* [Work task]: Below are records; output all of them exactly.

* [Records shown]:

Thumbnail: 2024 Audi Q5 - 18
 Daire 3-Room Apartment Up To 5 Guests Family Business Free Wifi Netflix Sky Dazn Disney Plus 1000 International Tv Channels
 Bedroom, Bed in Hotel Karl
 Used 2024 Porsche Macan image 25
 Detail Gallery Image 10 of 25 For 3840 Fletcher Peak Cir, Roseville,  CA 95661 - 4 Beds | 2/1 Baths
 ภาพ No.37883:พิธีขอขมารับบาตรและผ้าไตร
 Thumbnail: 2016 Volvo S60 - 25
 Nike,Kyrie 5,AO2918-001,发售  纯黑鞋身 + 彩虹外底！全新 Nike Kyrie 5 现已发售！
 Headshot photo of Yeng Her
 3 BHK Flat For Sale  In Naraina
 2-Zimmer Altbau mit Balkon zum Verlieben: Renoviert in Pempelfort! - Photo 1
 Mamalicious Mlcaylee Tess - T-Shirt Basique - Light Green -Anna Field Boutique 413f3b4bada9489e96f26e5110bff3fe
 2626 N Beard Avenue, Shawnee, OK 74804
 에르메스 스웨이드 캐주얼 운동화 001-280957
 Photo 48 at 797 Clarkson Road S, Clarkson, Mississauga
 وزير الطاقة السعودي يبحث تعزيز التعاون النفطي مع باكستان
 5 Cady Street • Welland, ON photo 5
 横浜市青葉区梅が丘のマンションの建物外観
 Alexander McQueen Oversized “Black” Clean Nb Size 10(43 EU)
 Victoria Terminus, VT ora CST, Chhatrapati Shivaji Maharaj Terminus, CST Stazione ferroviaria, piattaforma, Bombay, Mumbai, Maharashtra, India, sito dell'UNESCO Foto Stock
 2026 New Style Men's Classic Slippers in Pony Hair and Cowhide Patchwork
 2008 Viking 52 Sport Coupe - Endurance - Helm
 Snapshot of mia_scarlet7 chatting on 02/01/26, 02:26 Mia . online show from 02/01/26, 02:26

* [Finished task]:
Thumbnail: 2024 Audi Q5 - 18
 Daire 3-Room Apartment Up To 5 Guests Family Business Free Wifi Netflix Sky Dazn Disney Plus 1000 International Tv Channels
 Bedroom, Bed in Hotel Karl
 Used 2024 Porsche Macan image 25
 Detail Gallery Image 10 of 25 For 3840 Fletcher Peak Cir, Roseville,  CA 95661 - 4 Beds | 2/1 Baths
 ภาพ No.37883:พิธีขอขมารับบาตรและผ้าไตร
 Thumbnail: 2016 Volvo S60 - 25
 Nike,Kyrie 5,AO2918-001,发售  纯黑鞋身 + 彩虹外底！全新 Nike Kyrie 5 现已发售！
 Headshot photo of Yeng Her
 3 BHK Flat For Sale  In Naraina
 2-Zimmer Altbau mit Balkon zum Verlieben: Renoviert in Pempelfort! - Photo 1
 Mamalicious Mlcaylee Tess - T-Shirt Basique - Light Green -Anna Field Boutique 413f3b4bada9489e96f26e5110bff3fe
 2626 N Beard Avenue, Shawnee, OK 74804
 에르메스 스웨이드 캐주얼 운동화 001-280957
 Photo 48 at 797 Clarkson Road S, Clarkson, Mississauga
 وزير الطاقة السعودي يبحث تعزيز التعاون النفطي مع باكستان
 5 Cady Street • Welland, ON photo 5
 横浜市青葉区梅が丘のマンションの建物外観
 Alexander McQueen Oversized “Black” Clean Nb Size 10(43 EU)
 Victoria Terminus, VT ora CST, Chhatrapati Shivaji Maharaj Terminus, CST Stazione ferroviaria, piattaforma, Bombay, Mumbai, Maharashtra, India, sito dell'UNESCO Foto Stock
 2026 New Style Men's Classic Slippers in Pony Hair and Cowhide Patchwork
 2008 Viking 52 Sport Coupe - Endurance - Helm
 Snapshot of mia_scarlet7 chatting on 02/01/26, 02:26 Mia . online show from 02/01/26, 02:26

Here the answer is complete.